### SUPPLIED RECORDS:
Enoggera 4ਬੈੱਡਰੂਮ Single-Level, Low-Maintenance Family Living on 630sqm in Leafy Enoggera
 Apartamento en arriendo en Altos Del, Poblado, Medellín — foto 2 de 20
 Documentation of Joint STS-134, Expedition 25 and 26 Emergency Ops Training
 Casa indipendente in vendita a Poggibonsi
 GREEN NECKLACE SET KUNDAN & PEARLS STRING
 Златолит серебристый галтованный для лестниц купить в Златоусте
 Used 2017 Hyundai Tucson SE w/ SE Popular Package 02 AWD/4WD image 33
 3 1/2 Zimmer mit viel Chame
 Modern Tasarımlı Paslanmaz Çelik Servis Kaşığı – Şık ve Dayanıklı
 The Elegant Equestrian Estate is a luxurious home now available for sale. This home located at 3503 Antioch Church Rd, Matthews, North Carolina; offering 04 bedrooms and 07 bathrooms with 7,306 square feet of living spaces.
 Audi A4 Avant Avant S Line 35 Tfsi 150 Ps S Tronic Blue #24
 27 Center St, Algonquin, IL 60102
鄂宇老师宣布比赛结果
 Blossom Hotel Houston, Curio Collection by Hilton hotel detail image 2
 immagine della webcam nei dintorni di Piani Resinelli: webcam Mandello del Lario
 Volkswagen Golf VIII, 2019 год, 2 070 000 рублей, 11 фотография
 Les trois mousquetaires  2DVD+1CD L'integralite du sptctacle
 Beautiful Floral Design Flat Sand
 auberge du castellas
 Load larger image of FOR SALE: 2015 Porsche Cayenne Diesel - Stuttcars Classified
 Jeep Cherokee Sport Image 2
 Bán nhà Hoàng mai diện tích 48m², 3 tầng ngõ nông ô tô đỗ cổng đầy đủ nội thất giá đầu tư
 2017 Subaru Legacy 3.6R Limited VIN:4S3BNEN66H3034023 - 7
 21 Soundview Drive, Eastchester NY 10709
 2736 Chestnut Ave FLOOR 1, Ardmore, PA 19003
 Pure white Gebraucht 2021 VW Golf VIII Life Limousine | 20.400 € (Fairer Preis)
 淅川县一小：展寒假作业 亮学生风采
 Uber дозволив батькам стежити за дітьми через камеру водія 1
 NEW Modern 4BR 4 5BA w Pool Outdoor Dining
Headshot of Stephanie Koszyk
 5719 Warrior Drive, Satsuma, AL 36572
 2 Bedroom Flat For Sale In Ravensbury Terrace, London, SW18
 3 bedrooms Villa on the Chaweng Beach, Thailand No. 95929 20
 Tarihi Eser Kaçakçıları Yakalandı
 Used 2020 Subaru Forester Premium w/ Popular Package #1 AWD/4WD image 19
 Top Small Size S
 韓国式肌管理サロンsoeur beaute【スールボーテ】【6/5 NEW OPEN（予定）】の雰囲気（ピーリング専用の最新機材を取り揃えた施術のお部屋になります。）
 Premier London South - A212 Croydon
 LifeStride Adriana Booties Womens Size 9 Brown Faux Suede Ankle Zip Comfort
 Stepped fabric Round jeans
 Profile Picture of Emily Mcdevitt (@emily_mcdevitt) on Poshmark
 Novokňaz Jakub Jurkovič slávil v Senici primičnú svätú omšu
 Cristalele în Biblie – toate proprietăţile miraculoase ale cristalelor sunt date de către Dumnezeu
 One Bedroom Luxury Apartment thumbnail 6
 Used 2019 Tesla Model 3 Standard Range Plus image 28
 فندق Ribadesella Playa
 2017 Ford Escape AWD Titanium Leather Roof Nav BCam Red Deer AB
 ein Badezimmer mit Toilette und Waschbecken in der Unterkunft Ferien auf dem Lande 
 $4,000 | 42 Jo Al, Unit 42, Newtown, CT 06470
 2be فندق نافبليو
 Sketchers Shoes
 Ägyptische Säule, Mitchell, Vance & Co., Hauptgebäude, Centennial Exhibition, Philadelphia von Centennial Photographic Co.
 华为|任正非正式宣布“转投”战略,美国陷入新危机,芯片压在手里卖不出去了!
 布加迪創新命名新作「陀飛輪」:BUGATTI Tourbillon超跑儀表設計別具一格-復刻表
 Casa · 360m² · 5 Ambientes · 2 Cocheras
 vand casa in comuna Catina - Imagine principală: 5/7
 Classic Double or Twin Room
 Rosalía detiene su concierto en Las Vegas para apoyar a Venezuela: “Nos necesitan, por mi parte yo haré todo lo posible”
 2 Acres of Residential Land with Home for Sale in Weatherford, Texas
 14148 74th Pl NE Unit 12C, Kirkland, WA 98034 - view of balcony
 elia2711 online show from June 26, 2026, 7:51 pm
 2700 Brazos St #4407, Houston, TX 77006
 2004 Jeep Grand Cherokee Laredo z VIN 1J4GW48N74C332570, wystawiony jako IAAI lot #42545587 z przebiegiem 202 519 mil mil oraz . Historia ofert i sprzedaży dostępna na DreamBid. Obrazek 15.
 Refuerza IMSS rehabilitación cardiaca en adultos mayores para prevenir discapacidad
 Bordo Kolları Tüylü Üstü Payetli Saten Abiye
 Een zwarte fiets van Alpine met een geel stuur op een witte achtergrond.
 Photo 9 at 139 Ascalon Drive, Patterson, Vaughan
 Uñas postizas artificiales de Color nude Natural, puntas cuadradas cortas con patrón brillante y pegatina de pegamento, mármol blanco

### TASK REQUIREMENTS:
Word for word, give the records again.

### ANSWER:
Enoggera 4ਬੈੱਡਰੂਮ Single-Level, Low-Maintenance Family Living on 630sqm in Leafy Enoggera
 Apartamento en arriendo en Altos Del, Poblado, Medellín — foto 2 de 20
 Documentation of Joint STS-134, Expedition 25 and 26 Emergency Ops Training
 Casa indipendente in vendita a Poggibonsi
 GREEN NECKLACE SET KUNDAN & PEARLS STRING
 Златолит серебристый галтованный для лестниц купить в Златоусте
 Used 2017 Hyundai Tucson SE w/ SE Popular Package 02 AWD/4WD image 33
 3 1/2 Zimmer mit viel Chame
 Modern Tasarımlı Paslanmaz Çelik Servis Kaşığı – Şık ve Dayanıklı
 The Elegant Equestrian Estate is a luxurious home now available for sale. This home located at 3503 Antioch Church Rd, Matthews, North Carolina; offering 04 bedrooms and 07 bathrooms with 7,306 square feet of living spaces.
 Audi A4 Avant Avant S Line 35 Tfsi 150 Ps S Tronic Blue #24
 27 Center St, Algonquin, IL 60102
鄂宇老师宣布比赛结果
 Blossom Hotel Houston, Curio Collection by Hilton hotel detail image 2
 immagine della webcam nei dintorni di Piani Resinelli: webcam Mandello del Lario
 Volkswagen Golf VIII, 2019 год, 2 070 000 рублей, 11 фотография
 Les trois mousquetaires  2DVD+1CD L'integralite du sptctacle
 Beautiful Floral Design Flat Sand
 auberge du castellas
 Load larger image of FOR SALE: 2015 Porsche Cayenne Diesel - Stuttcars Classified
 Jeep Cherokee Sport Image 2
 Bán nhà Hoàng mai diện tích 48m², 3 tầng ngõ nông ô tô đỗ cổng đầy đủ nội thất giá đầu tư
 2017 Subaru Legacy 3.6R Limited VIN:4S3BNEN66H3034023 - 7
 21 Soundview Drive, Eastchester NY 10709
 2736 Chestnut Ave FLOOR 1, Ardmore, PA 19003
 Pure white Gebraucht 2021 VW Golf VIII Life Limousine | 20.400 € (Fairer Preis)
 淅川县一小：展寒假作业 亮学生风采
 Uber дозволив батькам стежити за дітьми через камеру водія 1
 NEW Modern 4BR 4 5BA w Pool Outdoor Dining
Headshot of Stephanie Koszyk
 5719 Warrior Drive, Satsuma, AL 36572
 2 Bedroom Flat For Sale In Ravensbury Terrace, London, SW18
 3 bedrooms Villa on the Chaweng Beach, Thailand No. 95929 20
 Tarihi Eser Kaçakçıları Yakalandı
 Used 2020 Subaru Forester Premium w/ Popular Package #1 AWD/4WD image 19
 Top Small Size S
 韓国式肌管理サロンsoeur beaute【スールボーテ】【6/5 NEW OPEN（予定）】の雰囲気（ピーリング専用の最新機材を取り揃えた施術のお部屋になります。）
 Premier London South - A212 Croydon
 LifeStride Adriana Booties Womens Size 9 Brown Faux Suede Ankle Zip Comfort
 Stepped fabric Round jeans
 Profile Picture of Emily Mcdevitt (@emily_mcdevitt) on Poshmark
 Novokňaz Jakub Jurkovič slávil v Senici primičnú svätú omšu
 Cristalele în Biblie – toate proprietăţile miraculoase ale cristalelor sunt date de către Dumnezeu
 One Bedroom Luxury Apartment thumbnail 6
 Used 2019 Tesla Model 3 Standard Range Plus image 28
 فندق Ribadesella Playa
 2017 Ford Escape AWD Titanium Leather Roof Nav BCam Red Deer AB
 ein Badezimmer mit Toilette und Waschbecken in der Unterkunft Ferien auf dem Lande 
 $4,000 | 42 Jo Al, Unit 42, Newtown, CT 06470
 2be فندق نافبليو
 Sketchers Shoes
 Ägyptische Säule, Mitchell, Vance & Co., Hauptgebäude, Centennial Exhibition, Philadelphia von Centennial Photographic Co.
 华为|任正非正式宣布“转投”战略,美国陷入新危机,芯片压在手里卖不出去了!
 布加迪創新命名新作「陀飛輪」:BUGATTI Tourbillon超跑儀表設計別具一格-復刻表
 Casa · 360m² · 5 Ambientes · 2 Cocheras
 vand casa in comuna Catina - Imagine principală: 5/7
 Classic Double or Twin Room
 Rosalía detiene su concierto en Las Vegas para apoyar a Venezuela: “Nos necesitan, por mi parte yo haré todo lo posible”
 2 Acres of Residential Land with Home for Sale in Weatherford, Texas
 14148 74th Pl NE Unit 12C, Kirkland, WA 98034 - view of balcony
 elia2711 online show from June 26, 2026, 7:51 pm
 2700 Brazos St #4407, Houston, TX 77006
 2004 Jeep Grand Cherokee Laredo z VIN 1J4GW48N74C332570, wystawiony jako IAAI lot #42545587 z przebiegiem 202 519 mil mil oraz . Historia ofert i sprzedaży dostępna na DreamBid. Obrazek 15.
 Refuerza IMSS rehabilitación cardiaca en adultos mayores para prevenir discapacidad
 Bordo Kolları Tüylü Üstü Payetli Saten Abiye
 Een zwarte fiets van Alpine met een geel stuur op een witte achtergrond.
 Photo 9 at 139 Ascalon Drive, Patterson, Vaughan
 Uñas postizas artificiales de Color nude Natural, puntas cuadradas cortas con patrón brillante y pegatina de pegamento, mármol blanco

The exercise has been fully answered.